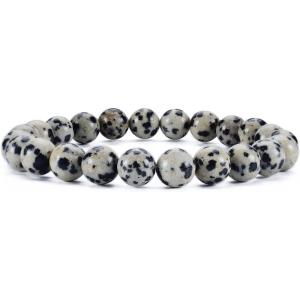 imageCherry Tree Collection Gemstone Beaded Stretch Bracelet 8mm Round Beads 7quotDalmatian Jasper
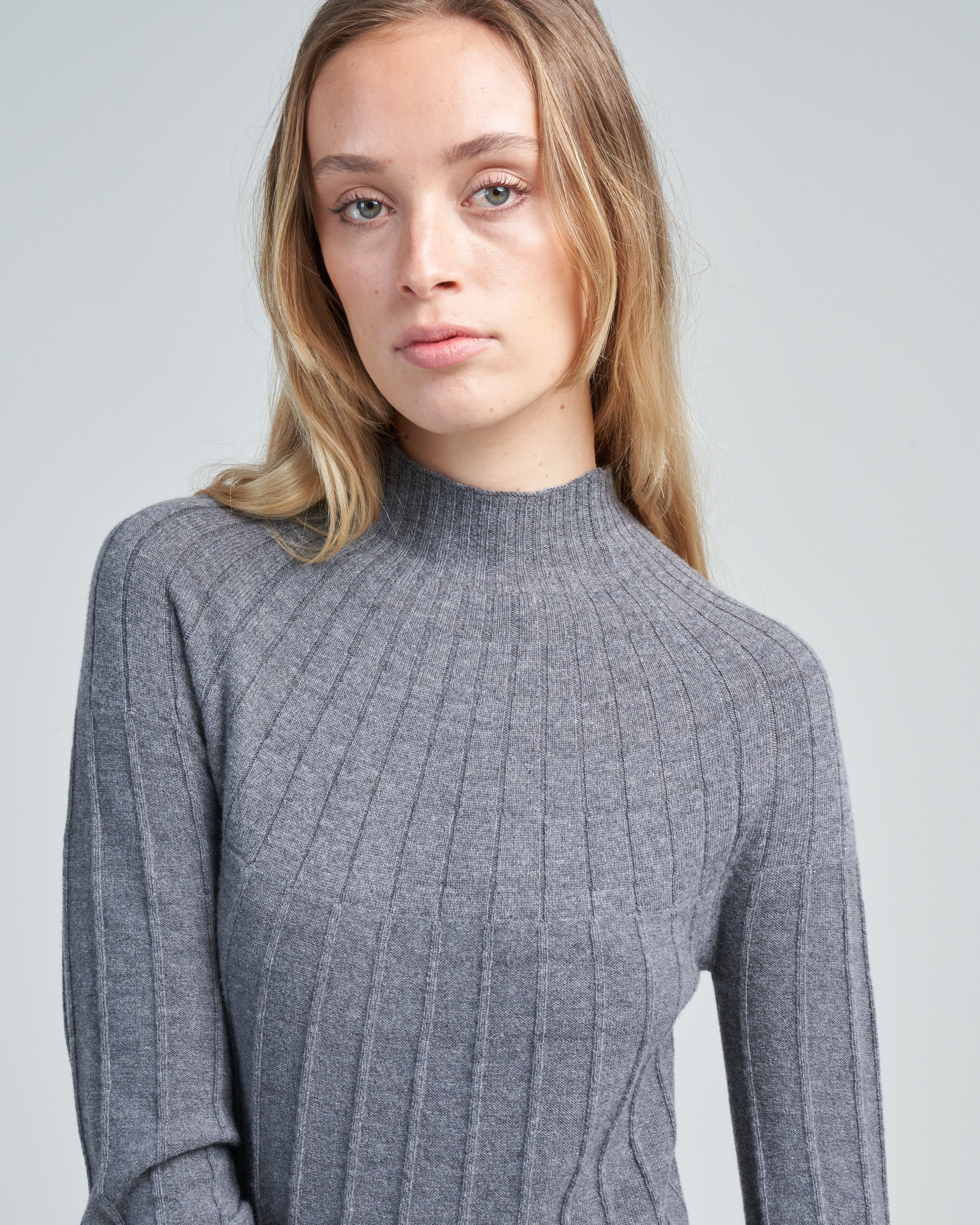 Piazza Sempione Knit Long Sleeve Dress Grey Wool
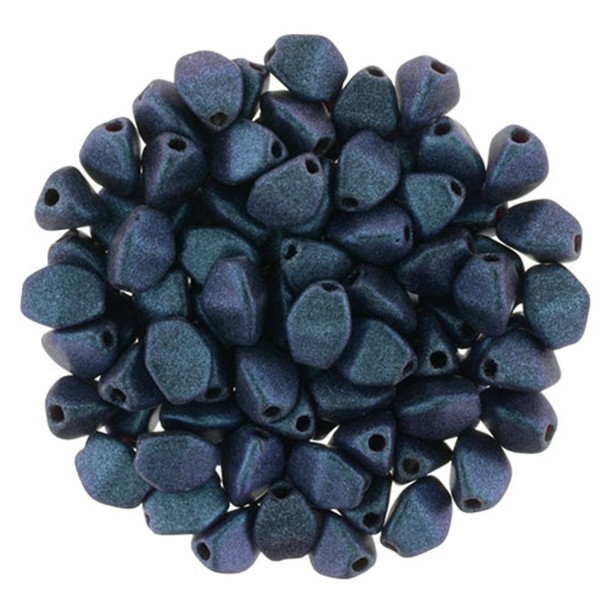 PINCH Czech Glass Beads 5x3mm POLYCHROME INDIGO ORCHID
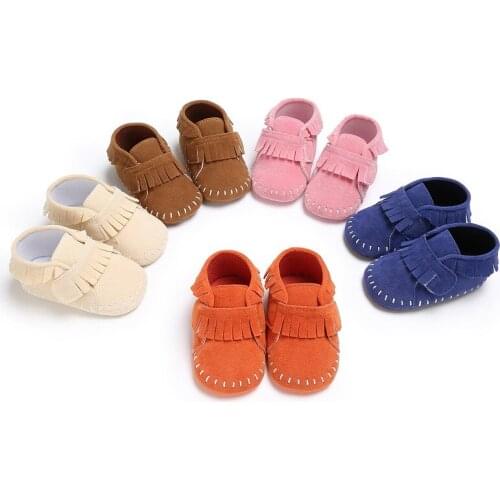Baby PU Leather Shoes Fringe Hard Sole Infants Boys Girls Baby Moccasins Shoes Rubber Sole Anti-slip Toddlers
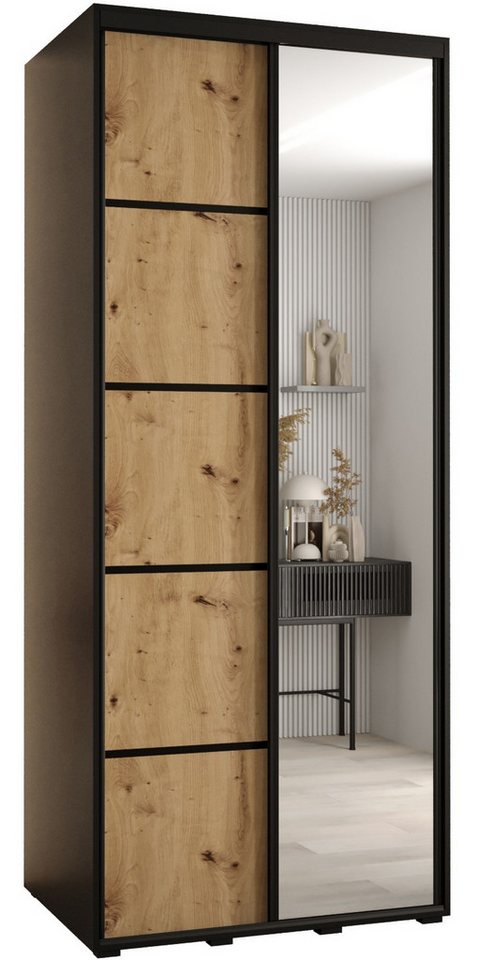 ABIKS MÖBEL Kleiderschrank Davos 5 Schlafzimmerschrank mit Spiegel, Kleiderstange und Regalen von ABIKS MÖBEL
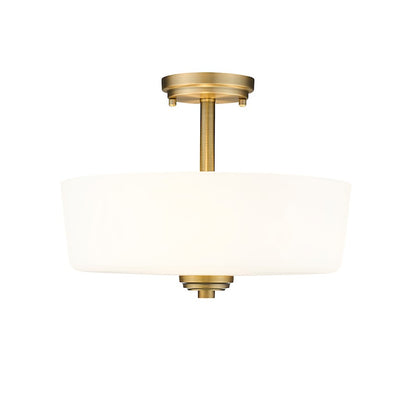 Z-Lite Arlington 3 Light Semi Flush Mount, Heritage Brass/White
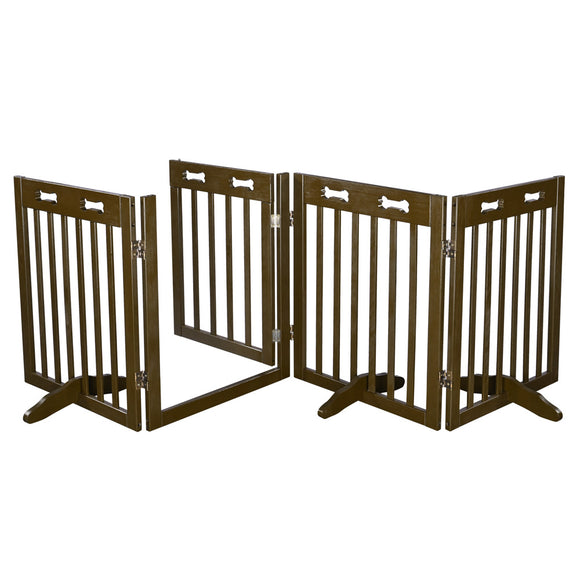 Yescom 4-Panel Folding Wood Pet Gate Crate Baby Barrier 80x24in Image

--------

Task statement:
Write out exactly the lines that run from the one containing "Baby PU Leather" to the last line of the entries above, both ends kept, pictures left out.

Answer to this exercise:
Baby PU Leather Shoes Fringe Hard Sole Infants Boys Girls Baby Moccasins Shoes Rubber Sole Anti-slip Toddlers
 ABIKS MÖBEL Kleiderschrank Davos 5 Schlafzimmerschrank mit Spiegel, Kleiderstange und Regalen von ABIKS MÖBEL
 Z-Lite Arlington 3 Light Semi Flush Mount, Heritage Brass/White
 Yescom 4-Panel Folding Wood Pet Gate Crate Baby Barrier 80x24in Image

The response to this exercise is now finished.